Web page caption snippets
______
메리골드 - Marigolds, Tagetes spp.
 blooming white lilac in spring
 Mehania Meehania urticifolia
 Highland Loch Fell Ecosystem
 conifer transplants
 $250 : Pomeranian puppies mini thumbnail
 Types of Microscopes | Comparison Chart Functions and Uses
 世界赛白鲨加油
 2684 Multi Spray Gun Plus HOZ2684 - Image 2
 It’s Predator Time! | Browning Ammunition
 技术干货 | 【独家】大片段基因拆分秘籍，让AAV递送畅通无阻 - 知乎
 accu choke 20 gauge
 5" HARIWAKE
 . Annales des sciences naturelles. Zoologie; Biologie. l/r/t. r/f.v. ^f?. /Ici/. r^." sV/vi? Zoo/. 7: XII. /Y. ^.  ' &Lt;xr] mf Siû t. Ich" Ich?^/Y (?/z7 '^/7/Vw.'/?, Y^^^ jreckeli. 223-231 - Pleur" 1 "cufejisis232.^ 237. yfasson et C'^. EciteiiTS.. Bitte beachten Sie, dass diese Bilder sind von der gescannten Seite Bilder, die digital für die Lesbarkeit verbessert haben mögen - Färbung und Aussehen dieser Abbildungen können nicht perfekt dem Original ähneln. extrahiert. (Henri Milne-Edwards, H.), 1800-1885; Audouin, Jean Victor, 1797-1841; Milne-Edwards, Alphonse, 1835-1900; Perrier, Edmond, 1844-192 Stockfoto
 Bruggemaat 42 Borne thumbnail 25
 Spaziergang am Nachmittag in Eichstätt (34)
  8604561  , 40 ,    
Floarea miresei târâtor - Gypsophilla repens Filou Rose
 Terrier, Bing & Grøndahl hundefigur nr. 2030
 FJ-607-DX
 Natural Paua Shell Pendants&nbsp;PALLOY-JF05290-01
______
The problem: The response has to give back every record verbatim.

Answer section:
메리골드 - Marigolds, Tagetes spp.
 blooming white lilac in spring
 Mehania Meehania urticifolia
 Highland Loch Fell Ecosystem
 conifer transplants
 $250 : Pomeranian puppies mini thumbnail
 Types of Microscopes | Comparison Chart Functions and Uses
 世界赛白鲨加油
 2684 Multi Spray Gun Plus HOZ2684 - Image 2
 It’s Predator Time! | Browning Ammunition
 技术干货 | 【独家】大片段基因拆分秘籍，让AAV递送畅通无阻 - 知乎
 accu choke 20 gauge
 5" HARIWAKE
 . Annales des sciences naturelles. Zoologie; Biologie. l/r/t. r/f.v. ^f?. /Ici/. r^." sV/vi? Zoo/. 7: XII. /Y. ^.  ' &Lt;xr] mf Siû t. Ich" Ich?^/Y (?/z7 '^/7/Vw.'/?, Y^^^ jreckeli. 223-231 - Pleur" 1 "cufejisis232.^ 237. yfasson et C'^. EciteiiTS.. Bitte beachten Sie, dass diese Bilder sind von der gescannten Seite Bilder, die digital für die Lesbarkeit verbessert haben mögen - Färbung und Aussehen dieser Abbildungen können nicht perfekt dem Original ähneln. extrahiert. (Henri Milne-Edwards, H.), 1800-1885; Audouin, Jean Victor, 1797-1841; Milne-Edwards, Alphonse, 1835-1900; Perrier, Edmond, 1844-192 Stockfoto
 Bruggemaat 42 Borne thumbnail 25
 Spaziergang am Nachmittag in Eichstätt (34)
  8604561  , 40 ,    
Floarea miresei târâtor - Gypsophilla repens Filou Rose
 Terrier, Bing & Grøndahl hundefigur nr. 2030
 FJ-607-DX
 Natural Paua Shell Pendants&nbsp;PALLOY-JF05290-01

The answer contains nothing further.